Output the records again verbatim.

• • • •

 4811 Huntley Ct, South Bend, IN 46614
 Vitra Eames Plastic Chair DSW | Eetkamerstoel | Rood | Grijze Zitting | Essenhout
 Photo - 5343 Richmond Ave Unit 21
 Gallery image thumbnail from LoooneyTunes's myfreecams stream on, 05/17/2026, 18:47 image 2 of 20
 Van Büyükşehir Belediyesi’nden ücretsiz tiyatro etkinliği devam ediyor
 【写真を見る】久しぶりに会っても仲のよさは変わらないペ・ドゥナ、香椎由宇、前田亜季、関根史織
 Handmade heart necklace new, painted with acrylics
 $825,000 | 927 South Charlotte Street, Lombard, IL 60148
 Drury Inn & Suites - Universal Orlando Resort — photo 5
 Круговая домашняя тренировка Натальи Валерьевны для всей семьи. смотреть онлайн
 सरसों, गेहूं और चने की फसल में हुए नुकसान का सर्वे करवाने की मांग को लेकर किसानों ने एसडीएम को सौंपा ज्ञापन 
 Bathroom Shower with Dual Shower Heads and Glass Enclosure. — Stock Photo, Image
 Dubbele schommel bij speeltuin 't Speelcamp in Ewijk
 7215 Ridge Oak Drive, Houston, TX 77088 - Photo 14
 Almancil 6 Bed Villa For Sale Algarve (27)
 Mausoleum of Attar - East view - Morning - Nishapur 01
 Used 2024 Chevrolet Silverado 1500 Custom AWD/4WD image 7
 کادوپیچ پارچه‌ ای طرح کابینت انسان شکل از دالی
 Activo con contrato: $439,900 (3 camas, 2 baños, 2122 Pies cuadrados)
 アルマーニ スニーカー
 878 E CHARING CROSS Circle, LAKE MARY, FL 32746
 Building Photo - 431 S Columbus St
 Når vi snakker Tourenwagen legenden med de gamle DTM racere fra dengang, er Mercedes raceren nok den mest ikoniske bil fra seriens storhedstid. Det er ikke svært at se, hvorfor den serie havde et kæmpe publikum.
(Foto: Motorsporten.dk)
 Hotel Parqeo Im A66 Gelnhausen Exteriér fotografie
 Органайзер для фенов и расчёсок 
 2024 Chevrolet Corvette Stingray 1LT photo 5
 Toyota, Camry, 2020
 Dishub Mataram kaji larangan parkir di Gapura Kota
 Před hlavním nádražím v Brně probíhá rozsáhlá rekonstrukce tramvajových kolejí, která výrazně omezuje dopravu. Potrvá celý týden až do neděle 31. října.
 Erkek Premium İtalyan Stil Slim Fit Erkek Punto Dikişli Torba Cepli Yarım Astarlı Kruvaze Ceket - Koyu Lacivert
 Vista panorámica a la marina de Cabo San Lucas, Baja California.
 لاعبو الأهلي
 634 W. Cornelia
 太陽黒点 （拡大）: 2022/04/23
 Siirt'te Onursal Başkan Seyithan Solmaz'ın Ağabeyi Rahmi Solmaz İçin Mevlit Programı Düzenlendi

• • • •

## TASK ANSWER
 4811 Huntley Ct, South Bend, IN 46614
 Vitra Eames Plastic Chair DSW | Eetkamerstoel | Rood | Grijze Zitting | Essenhout
 Photo - 5343 Richmond Ave Unit 21
 Gallery image thumbnail from LoooneyTunes's myfreecams stream on, 05/17/2026, 18:47 image 2 of 20
 Van Büyükşehir Belediyesi’nden ücretsiz tiyatro etkinliği devam ediyor
 【写真を見る】久しぶりに会っても仲のよさは変わらないペ・ドゥナ、香椎由宇、前田亜季、関根史織
 Handmade heart necklace new, painted with acrylics
 $825,000 | 927 South Charlotte Street, Lombard, IL 60148
 Drury Inn & Suites - Universal Orlando Resort — photo 5
 Круговая домашняя тренировка Натальи Валерьевны для всей семьи. смотреть онлайн
 सरसों, गेहूं और चने की फसल में हुए नुकसान का सर्वे करवाने की मांग को लेकर किसानों ने एसडीएम को सौंपा ज्ञापन 
 Bathroom Shower with Dual Shower Heads and Glass Enclosure. — Stock Photo, Image
 Dubbele schommel bij speeltuin 't Speelcamp in Ewijk
 7215 Ridge Oak Drive, Houston, TX 77088 - Photo 14
 Almancil 6 Bed Villa For Sale Algarve (27)
 Mausoleum of Attar - East view - Morning - Nishapur 01
 Used 2024 Chevrolet Silverado 1500 Custom AWD/4WD image 7
 کادوپیچ پارچه‌ ای طرح کابینت انسان شکل از دالی
 Activo con contrato: $439,900 (3 camas, 2 baños, 2122 Pies cuadrados)
 アルマーニ スニーカー
 878 E CHARING CROSS Circle, LAKE MARY, FL 32746
 Building Photo - 431 S Columbus St
 Når vi snakker Tourenwagen legenden med de gamle DTM racere fra dengang, er Mercedes raceren nok den mest ikoniske bil fra seriens storhedstid. Det er ikke svært at se, hvorfor den serie havde et kæmpe publikum.
(Foto: Motorsporten.dk)
 Hotel Parqeo Im A66 Gelnhausen Exteriér fotografie
 Органайзер для фенов и расчёсок 
 2024 Chevrolet Corvette Stingray 1LT photo 5
 Toyota, Camry, 2020
 Dishub Mataram kaji larangan parkir di Gapura Kota
 Před hlavním nádražím v Brně probíhá rozsáhlá rekonstrukce tramvajových kolejí, která výrazně omezuje dopravu. Potrvá celý týden až do neděle 31. října.
 Erkek Premium İtalyan Stil Slim Fit Erkek Punto Dikişli Torba Cepli Yarım Astarlı Kruvaze Ceket - Koyu Lacivert
 Vista panorámica a la marina de Cabo San Lucas, Baja California.
 لاعبو الأهلي
 634 W. Cornelia
 太陽黒点 （拡大）: 2022/04/23
 Siirt'te Onursal Başkan Seyithan Solmaz'ın Ağabeyi Rahmi Solmaz İçin Mevlit Programı Düzenlendi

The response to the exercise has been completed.